WHAT YOU SHOULD DO >> Your copy should hold exactly the lines from the one containing "In this example" through the last line of the entries, and no pictures.

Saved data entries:

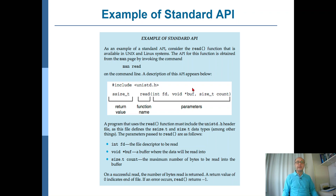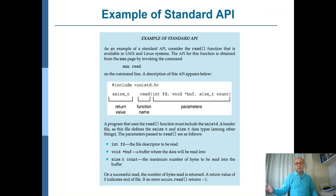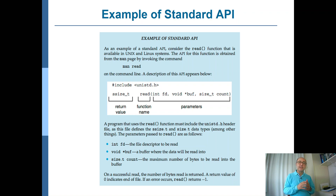The read function returns a size_t value — typically an unsigned integer — representing the number of bytes actually read. You would expect this to equal the count parameter, and normally it does. However, especially for the last read operation near end of file, you might request 100 bytes but only 30 remain, so it returns 30. That's why you should always check the return value of read — you must not process beyond the bytes actually read.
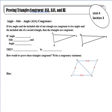Continuing in the fashion of the last notes, angle-side-angle, or ASA, is when two angles and the included side of one triangle are congruent to two angles and the included side of a second triangle. Therefore, we can say the triangles are congruent. Remember, that included side means it's the side in between two given angles.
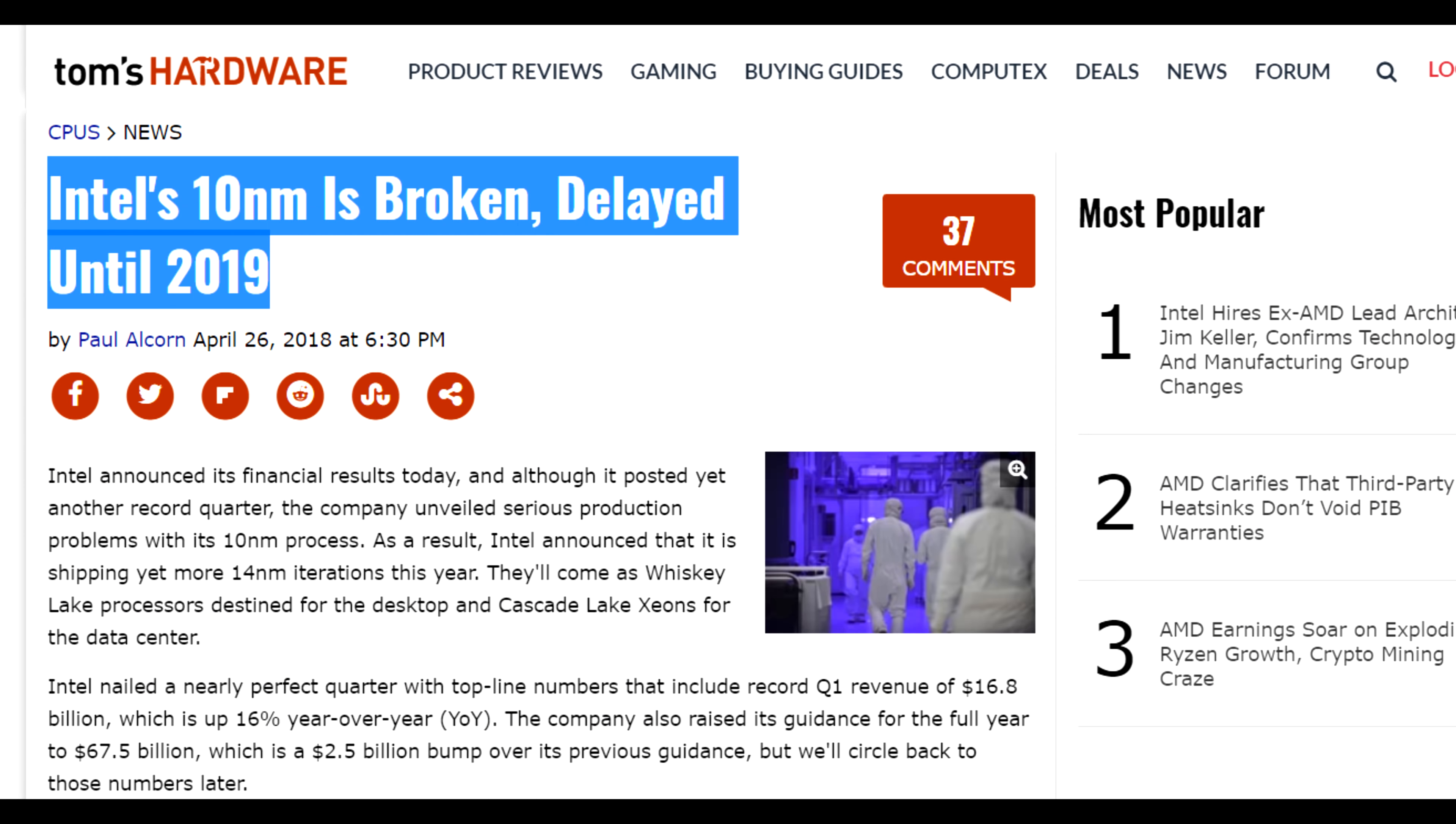Will GPD make a Win 3 with a discrete NVIDIA GPU? I honestly don't know. The only thing I am certain of is if GPD decides to bet on Intel, there won't be a Win 3 until late 2020 at the earliest. Thanks for watching.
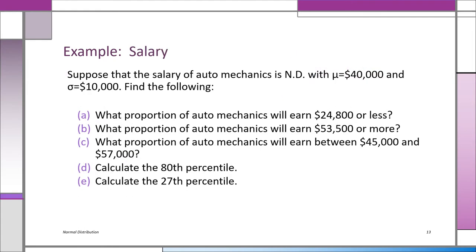In this example we're looking at the salary of auto mechanics, normally distributed with a population mean of $40,000 and a population standard deviation of $10,000. Part A: what proportion will earn $24,800 or less? Part B: $53,500 or more? Part C: between $45,000 and $57,000? Part D: the 80th percentile. Part E: the 27th percentile. We'll use the z-table since it's normally distributed.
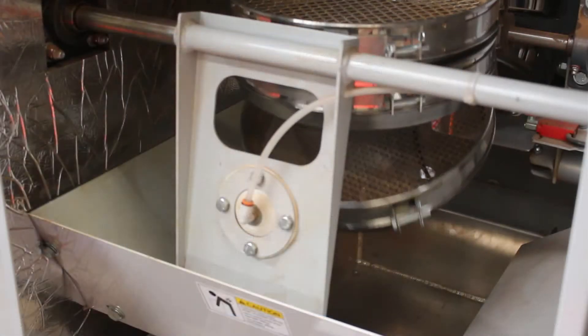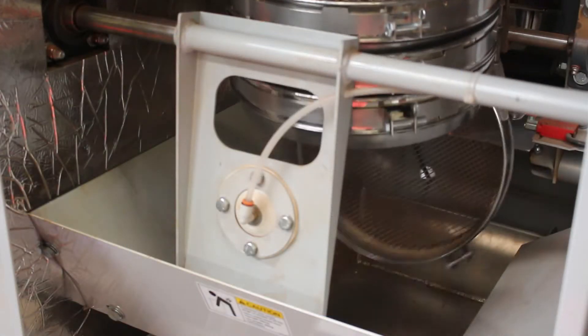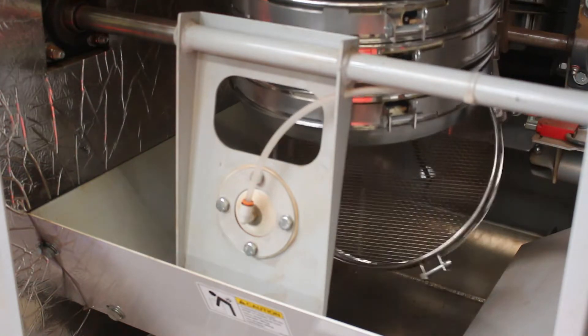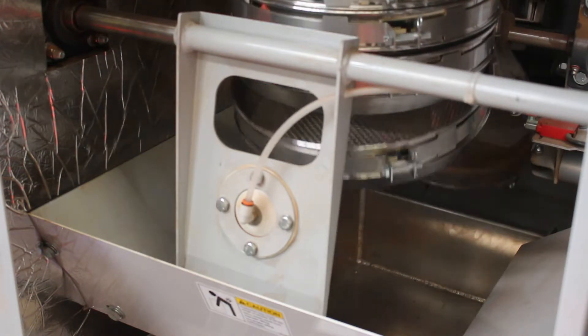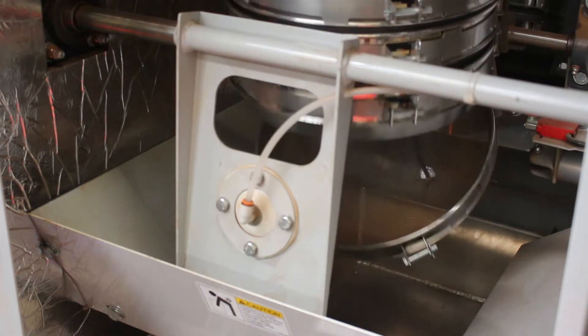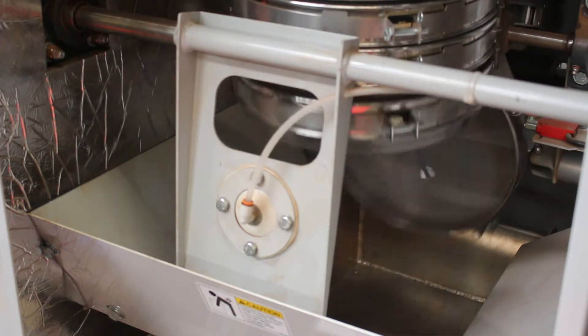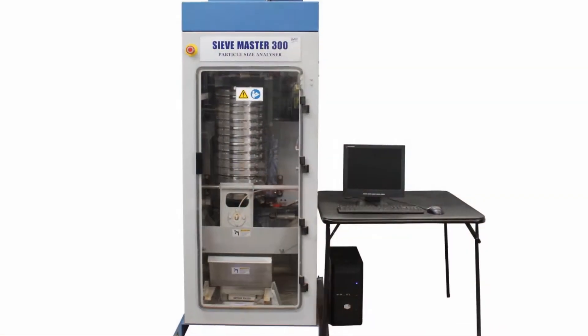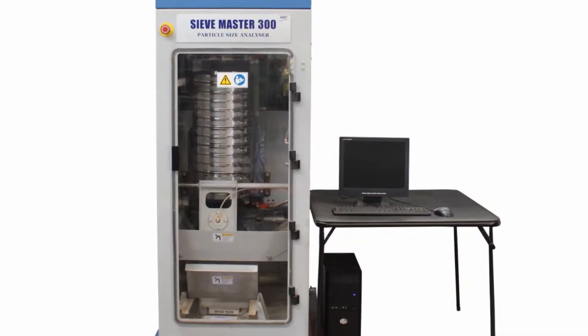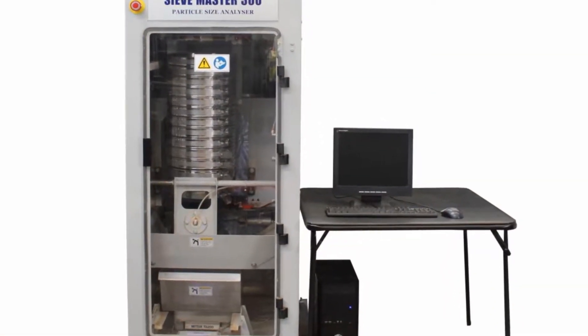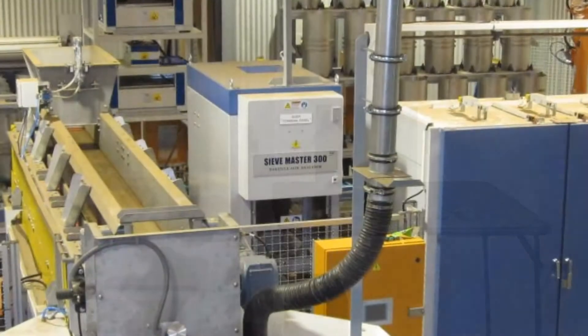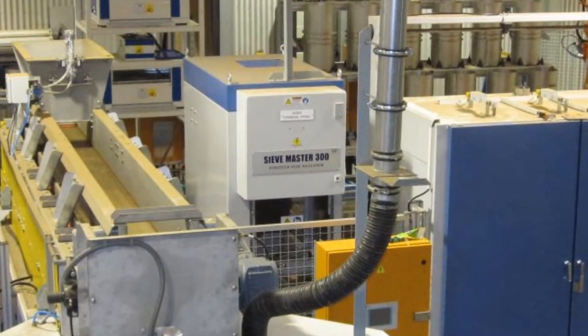The machine is able to accept 12 300mm standard half-height sieves which can be customized to users requirements. The SieveMaster 300 can be used as a standalone machine controlled by a PC or part of an automated system.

ANSWER FOR THIS EXERCISE >>
In this example we're looking at the salary of auto mechanics, normally distributed with a population mean of $40,000 and a population standard deviation of $10,000. Part A: what proportion will earn $24,800 or less? Part B: $53,500 or more? Part C: between $45,000 and $57,000? Part D: the 80th percentile. Part E: the 27th percentile. We'll use the z-table since it's normally distributed.
The machine is able to accept 12 300mm standard half-height sieves which can be customized to users requirements. The SieveMaster 300 can be used as a standalone machine controlled by a PC or part of an automated system.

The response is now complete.